Sieć szpitali ponownie w sejmie
Sieć szpitali to hasło, które od lat wywołuje mieszane uczucia. Kilka lat temu poinformowano, że owa sieć już istnieje. Dano także do zrozumienia, że nie ma w niej miejsca dla szpitala w Rydułtowach, który poza siecią nie miałby szans na kontrakt z Narodowym Funduszem Zdrowia. Wraz z upływem czasu emocje stygły. Projekt – przygotowany jeszcze przez rząd PiS – trafił do Sejmu ubiegłej kadencji, jednak prace nad nim nie zostały zakończone. O sieci szpitali długo nie mówiono, a szpital w Rydułtowach zaczął się rozwijać i unowocześniać. Teraz do sprawy posłowie wracają. Sejmowa komisja zdrowia zajmie się nią jeszcze w styczniu.
Według kryteriów ustawy sieć szpitali mają tworzyć na równych prawach placówki publiczne i niepubliczne. Pierwszeństwo będą miały te, które m.in. realizują zadania związane z ratownictwem medycznym, prowadzą badania naukowe, wykonują świadczenia wysokospecjalistyczne.
Szpitale, które znajdą się w sieci, mają mieć gwarantowany kontrakt z Narodowym Funduszem Zdrowia. Z kolei szpitale, które znajdą się poza siecią, mogą być np. przekształcone, sprywatyzowane czy zlikwidowane. Decyzje zależeć będą od ich organów prowadzących, czyli samorządów – wojewódzkiego i powiatowych.
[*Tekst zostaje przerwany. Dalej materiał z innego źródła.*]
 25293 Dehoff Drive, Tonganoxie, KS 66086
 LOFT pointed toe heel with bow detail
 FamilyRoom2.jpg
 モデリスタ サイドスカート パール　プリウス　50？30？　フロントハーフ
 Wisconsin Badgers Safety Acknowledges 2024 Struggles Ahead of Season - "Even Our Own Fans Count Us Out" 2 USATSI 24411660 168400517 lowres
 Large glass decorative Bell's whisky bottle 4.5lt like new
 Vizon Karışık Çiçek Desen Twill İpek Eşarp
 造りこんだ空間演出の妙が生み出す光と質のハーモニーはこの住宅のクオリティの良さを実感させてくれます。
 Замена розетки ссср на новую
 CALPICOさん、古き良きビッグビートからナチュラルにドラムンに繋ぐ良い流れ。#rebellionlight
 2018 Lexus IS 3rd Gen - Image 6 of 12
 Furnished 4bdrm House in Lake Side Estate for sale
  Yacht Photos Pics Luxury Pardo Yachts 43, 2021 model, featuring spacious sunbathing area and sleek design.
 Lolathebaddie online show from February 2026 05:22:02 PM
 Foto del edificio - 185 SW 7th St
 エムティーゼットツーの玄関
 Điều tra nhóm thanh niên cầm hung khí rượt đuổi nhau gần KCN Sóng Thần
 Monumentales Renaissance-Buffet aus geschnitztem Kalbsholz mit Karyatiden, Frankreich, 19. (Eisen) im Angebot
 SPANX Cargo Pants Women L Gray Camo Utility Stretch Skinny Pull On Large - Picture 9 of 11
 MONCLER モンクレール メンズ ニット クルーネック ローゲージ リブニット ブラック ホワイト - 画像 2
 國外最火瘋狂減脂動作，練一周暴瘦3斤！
O tym, które lecznice znajdą się w sieci, mieliby zdecydować przedstawiciele samorządu. W tym celu powstaną regionalne rady ds. szpitali, które wytypują placówki. Ostateczna decyzja będzie należała do ministra zdrowia, który będzie musiał uwzględnić pozytywną opinię Rady ds. Szpitalnictwa.